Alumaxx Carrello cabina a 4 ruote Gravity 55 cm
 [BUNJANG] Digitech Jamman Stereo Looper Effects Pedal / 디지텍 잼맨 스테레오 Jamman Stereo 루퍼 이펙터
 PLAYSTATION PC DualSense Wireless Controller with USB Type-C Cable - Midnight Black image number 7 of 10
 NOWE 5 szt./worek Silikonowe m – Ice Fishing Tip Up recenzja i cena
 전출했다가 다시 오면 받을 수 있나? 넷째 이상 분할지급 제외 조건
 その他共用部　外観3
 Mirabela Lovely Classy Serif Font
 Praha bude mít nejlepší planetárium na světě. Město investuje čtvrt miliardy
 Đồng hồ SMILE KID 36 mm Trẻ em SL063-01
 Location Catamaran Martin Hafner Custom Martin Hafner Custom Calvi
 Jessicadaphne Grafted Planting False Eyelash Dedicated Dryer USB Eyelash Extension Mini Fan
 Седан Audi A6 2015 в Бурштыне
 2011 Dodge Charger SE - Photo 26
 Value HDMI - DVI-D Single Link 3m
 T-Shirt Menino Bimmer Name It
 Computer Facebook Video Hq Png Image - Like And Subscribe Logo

**Problem to work on:** Retype, without changes, the lines from the line holding "2011 Dodge Charger SE - Photo 26" to the end of the data, both ends included.

**Solution for this exercise:**
 2011 Dodge Charger SE - Photo 26
 Value HDMI - DVI-D Single Link 3m
 T-Shirt Menino Bimmer Name It
 Computer Facebook Video Hq Png Image - Like And Subscribe Logo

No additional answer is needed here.